Isto foi aceito; então disse Frei Pedro: “Para conhecerdes todos, e
confessardes à uma, que o nosso Deus, único onipotente é o criador das coisas
visíveis e invisíveis, peço-Lhe, em nome de seu Filho Jesus Cristo, que nos
envie uma nuvem para nos defender dos raios do sol”. E ao fazer o sinal da
Cruz, imediatamente apareceu no céu sereno uma nuvem amena que aliviou a todos.
São Pedro de
Verona foi muito favorecido com visões celestes. As virgens e mártires Santa
Catarina, Santa Inês e Santa Cecília frequentemente lhe apareciam, e tinham com
ele familiar entretenimento. Isso foi-lhe causa de uma grande provação, pois um
dia um frade ouviu aquelas vozes femininas na cela do santo, e comunicou ao
Superior. Este, no capítulo, repreendeu Frei Pedro, que em vez de se defender,
disse apenas: “Sou um grande pecador”, pois, em sua humildade, não
queria que soubessem dos favores celestes que recebia. Foi então relegado a um
convento distante, com a proibição de sair e de pregar.
Certo dia, nessa
reclusão forçada, Frei Pedro lamentou-se amorosamente diante de um Crucifixo,
dizendo: “E, então, meu Deus!

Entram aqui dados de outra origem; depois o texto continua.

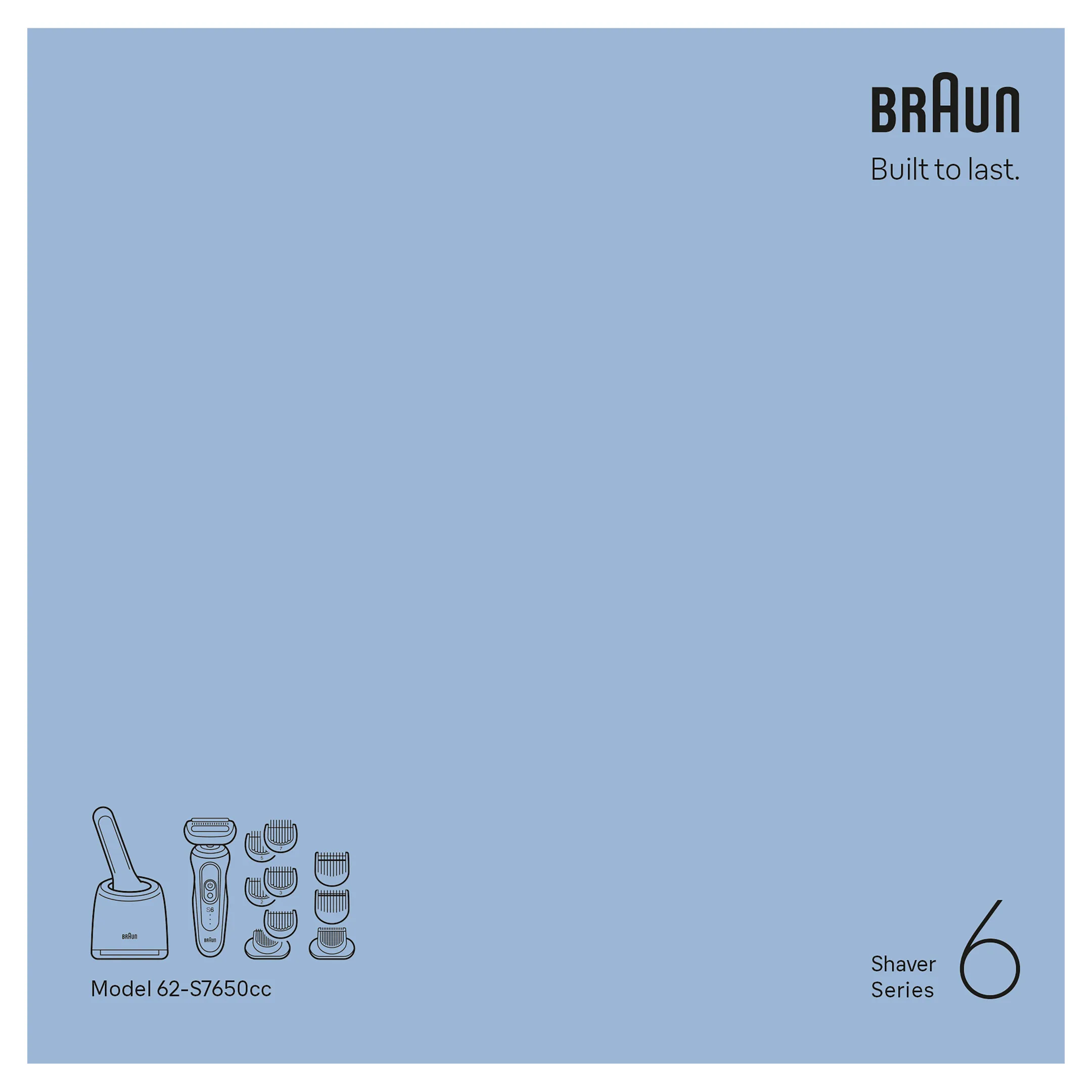 Braun Elektrisch scheerapparaat Series 6 62-S7650cc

Vós, que conheceis minha inocência, como
podeis sofrer que eu permaneça tanto tempo na infâmia?”. Nosso Senhor
respondeu-lhe: “E eu, Pedro, não era inocente? Merecia os opróbrios e as
dores com que fui acabrunhado no curso de minha Paixão? Aprende assim de mim a
sofrer com alegria as maiores penas, sem ter cometido os crimes que te são
imputados”. Mas os superiores deram-se conta de seu erro e chamaram de
volta o grande pregador.
Em 1232 o Papa
Gregório IX, que conhecia o zelo e a pureza de doutrina de Pedro de Verona,
nomeou-o Inquisidor-Geral da Fé. Foi enviado a Florença para examinar uma Ordem
religiosa que estava surgindo, fundada por sete varões daquela cidade. Graças a
seu testemunho favorável, a Ordem dos Servos de Maria foi confirmada.
Frei Pedro de
Verona não combatia a heresia só com palavras mas “persuadiu os católicos a
se coligarem em uma espécie de cruzada para expulsar do país todos os hereges;
e, em menos de seis anos, logrou ver católica a Toscana inteira”.
Os hereges não se
conformavam com o desaparecimento de sua seita. Assim, coligaram-se para
exterminar aquele que tantos estragos fazia.
Por uma luz
sobrenatural, São Pedro conheceu que o momento de seu tão desejado
martírio estava próximo. E o disse a muita gente, por exemplo, a uma multidão
de 10 mil pessoas que o ouviam em Milão, no Domingo de Ramos.
No sábado seguinte
à Páscoa, como vimos, dirigia-se de Como, onde era Prior, para Milão, quando
foi martirizado aos 46 anos. Como foi o primeiro mártir da Ordem Dominicana, é
também conhecido como São Pedro Mártir, e foi imortalizado por seu irmão de
hábito, o célebre Beato Fra Angélico, em várias pinturas.